Is there somewhere where the various elements of car locating is discussed? Possibly where certain scenarios that are particularly challenging are discussed


----------



## T-Man (May 16, 2008)

I usually start a problem by stating I want to do "this"

I let it be known I have Lionel Post War table. 

What type of setup do you wish to detect trains on track?


----------



## yellow_cad (Dec 21, 2017)

I intentionally kept it generic as exercises in placing cars from a consist at various locations seems to be similar in any scale and with any size of shape of layout. I've seen it done at train shows with a couple of lines and a few turnouts in the space of 6" X 2'. I would imagine that the complexity could grow with additional space and locations to spot a car.


----------



## J.C. (Dec 24, 2016)

do you mean something like a slaughter house stock cars in refers out ?


----------



## 1905dave (Sep 18, 2016)

Are you wanting to know what cars go to or what commodities are used by industries or are you asking how do you organize the movement of cars between industries?


----------



## DonR (Oct 18, 2012)

Switching for many of us is the very essence of
model railroading. In addition to the enjoyment
of running the trains, switching offers challenges.
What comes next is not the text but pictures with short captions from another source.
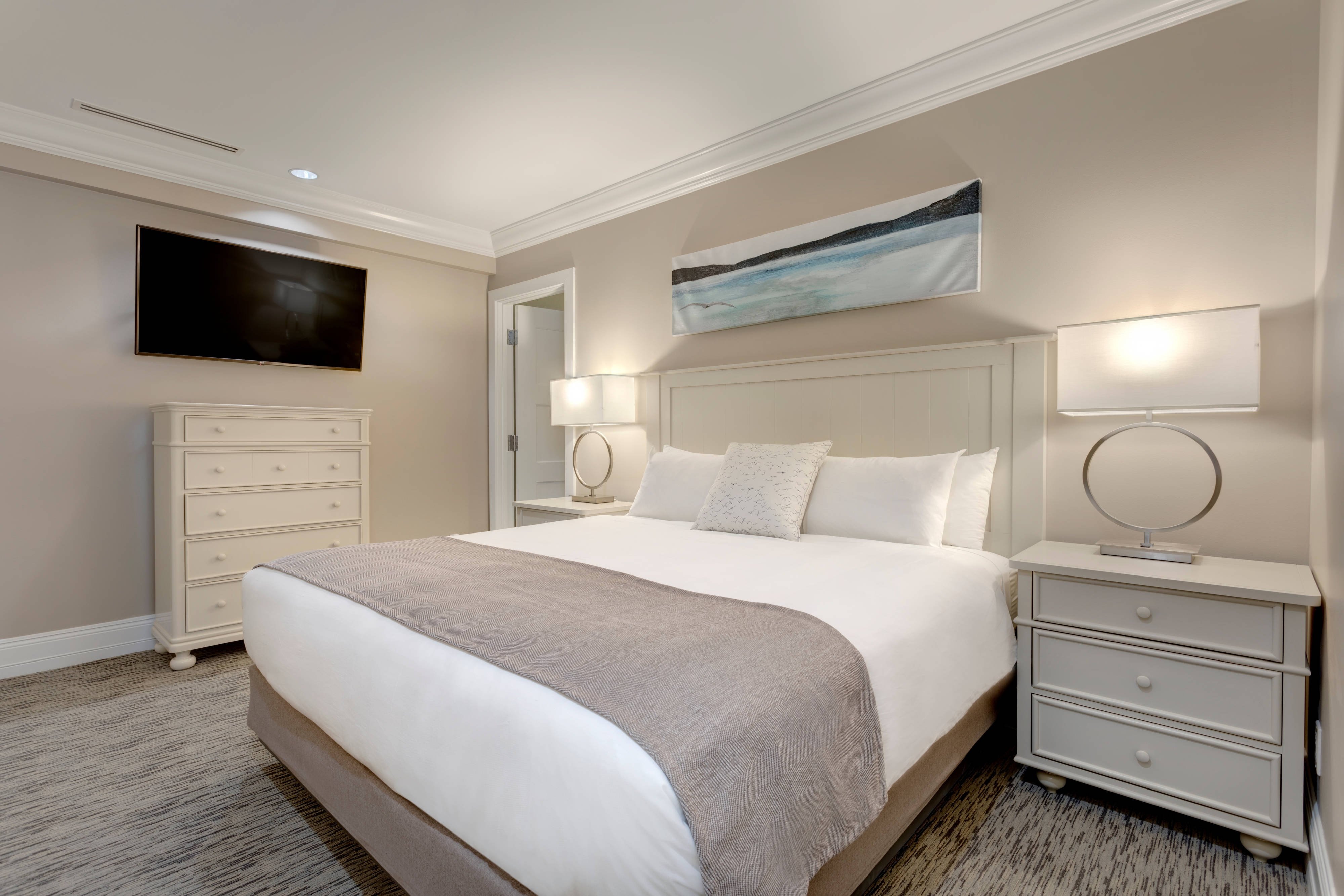 Specialty Suite - Second Bedroom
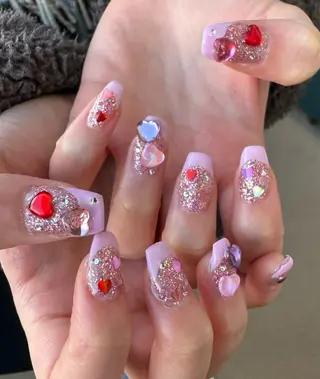 ネイル 新山 聖のネイルデザイン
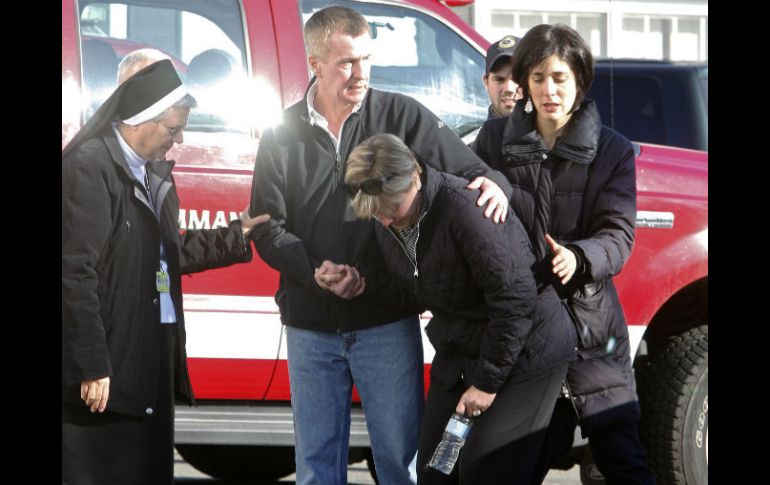 En la imagen, algunas personas dan soporte a una mujer que llora tras el tiroteo. REUTERS  /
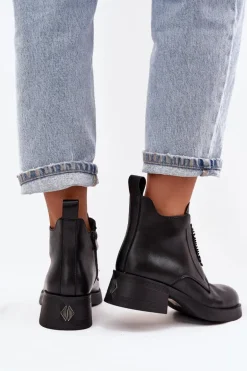 Skórzane Botki Damskie Na Klocku Z Ozdobą D&A JC52-869 Czarne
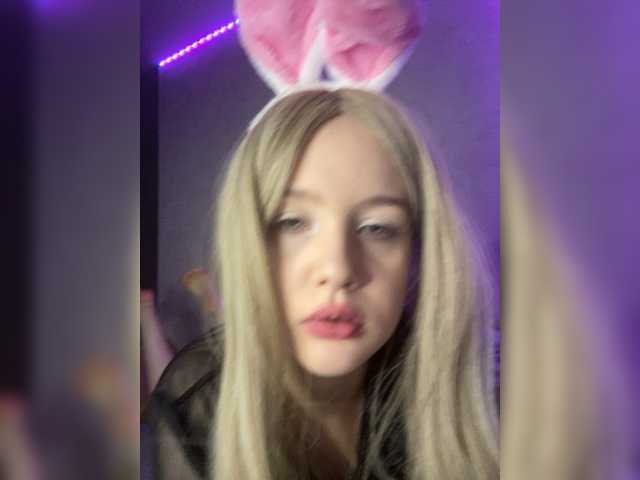Fotod BunnyLegendary I use lovense only in group chat and in private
You have a spur that requires that your loco push a car
in forward...but the car is behind the loco...you need
a passing (or runaround) siding to get the loco in
the right position...

You wish to spot at car at the scrap yard but there is
a tanker at the oil distributor blocking your way...
How do you get the job done with as few moves
as possible?

Use your search engine for model railroad switching
operations...there are many videos on Youtube for
switchers.

To get the most from a switching operation I use
car cards, one for each car on the layout. It identifies
the car by type, roadname and other descriptors. I prepare
for a switching operation by preselecting which cars
to include. I attach
a 'post it' note to each car card that says where to pick up car and what to do with it. This system makes your switching
session more purposeful...more like real railroading. And
if you have a 'brakeman' (son or buddy) out there to do the uncoupling it can be even more fun.
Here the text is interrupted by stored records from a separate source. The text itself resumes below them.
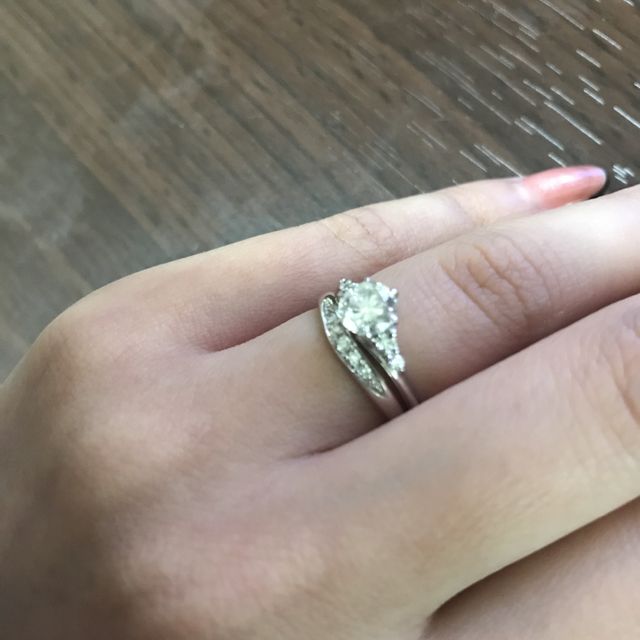 【宝寿堂(ほうじゅどう)の口コミ】 メレダイヤ付きで指が綺麗に見えるデザインを希望でしたが、お店に見に行…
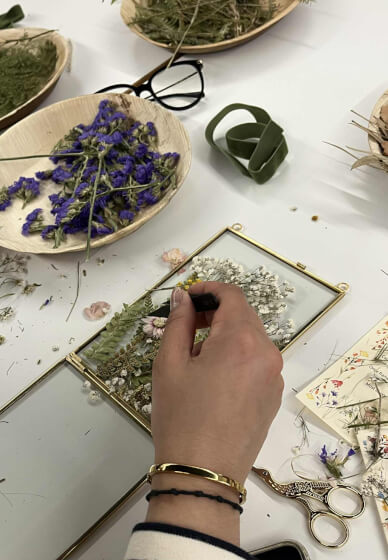 Dried Pressed Flower Frame Workshop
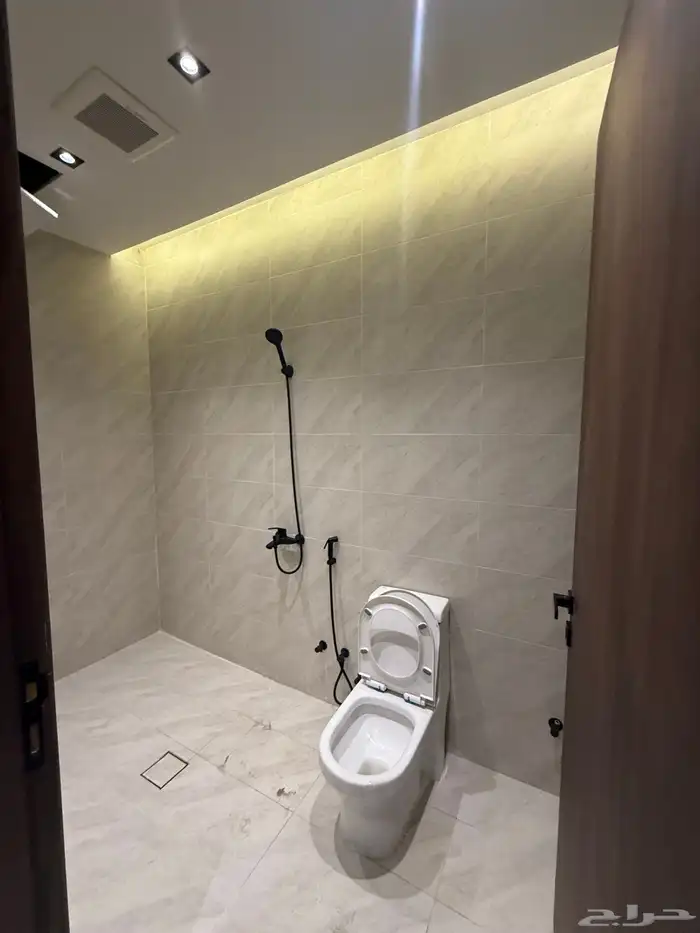 للبيع روف علوي بدرج داخلي وخارجى بالوسام شرق الخميس 22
But the most important factor of all is the design
of your layout that can accomodate switching...it should
have a yard with several tracks and a number of
spurs for small industries. There are many such
ideas in the Layout design forum.

I know this post is all generalities but does it answer your original questions?

Don


----------



## yellow_cad (Dec 21, 2017)

Thanks Don. Yes, it does answer my original question. I struggled a little bit with terminology to get my question across, but thanks for understanding it and giving me a great response. I found one appropriate video on youtube, but again I'll change my terminology and see what I can find.


----------